Hedge trees are pretty prevalent around here. They're a pretty hard, heavy wood. Would it work to put in my aquarium? Is it gonna cause problems if I do?


----------



## Eldachleich (Jul 9, 2011)

I;m asking the same question.. theres a hedge round here thats just awesome for wood.. So far it looks promising..


----------



## christian_cowgirlGSR (Aug 2, 2011)

Does anyone know about hedge in an aquarium? Bump.


----------



## mistergreen (Dec 9, 2006)

What do you mean by hedge tree? What species? pine hedges? maple hedge?


----------



## christian_cowgirlGSR (Aug 2, 2011)

The tree I'm interested in using can also be called "Osage Orange".


----------



## mistergreen (Dec 9, 2006)

Ah, those guys. We have them here too. I've never used it in the tank but I don't see why not. The wood is dense and resists rot.

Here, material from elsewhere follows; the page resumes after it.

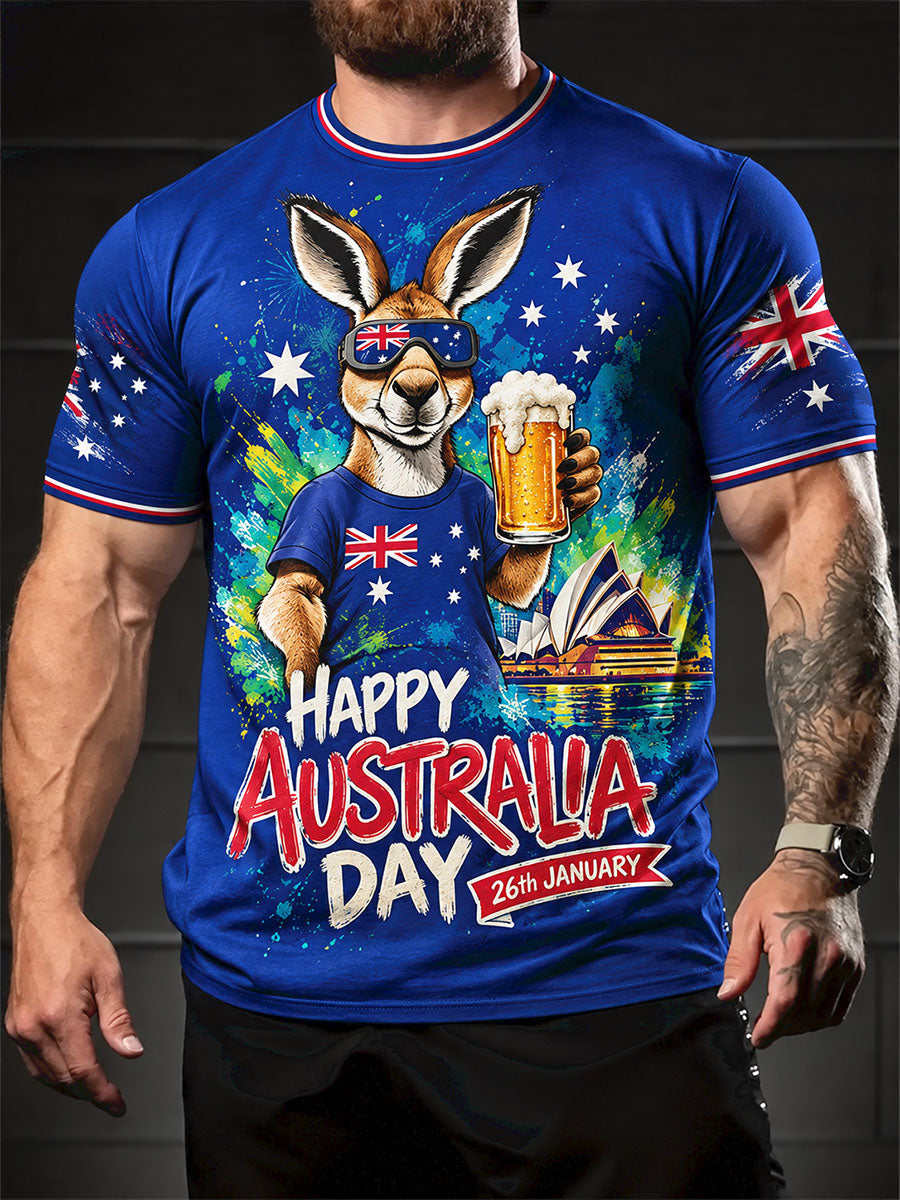 Men's Australia Day Proud Aussie Floral Art Printed t-shirt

Like any wood, it must be dead of aged before putting it in the tank. Age it in water or laying in the sun for a few months. There might be toxins in the fresh sap. I just read an orange dye can be extracted from this wood. I'd recommend soaking it in water before putting it in the tank unless you enjoy the color.


----------



## christian_cowgirlGSR (Aug 2, 2011)

The branches I chose are from trees that have been dead for a while (no bark, yay!). I plan on soaking them for a while to get rid of some of the tannins. There is some moss on the wood. Will that cause problems?


----------



## mistergreen (Dec 9, 2006)

The moss will die off. You can remove as much as you can. They'll come off easily when you soak the wood.


----------



## Secretninja (Dec 30, 2011)

Definitely get old stuff. The sap is awful, and it has a TON of sap.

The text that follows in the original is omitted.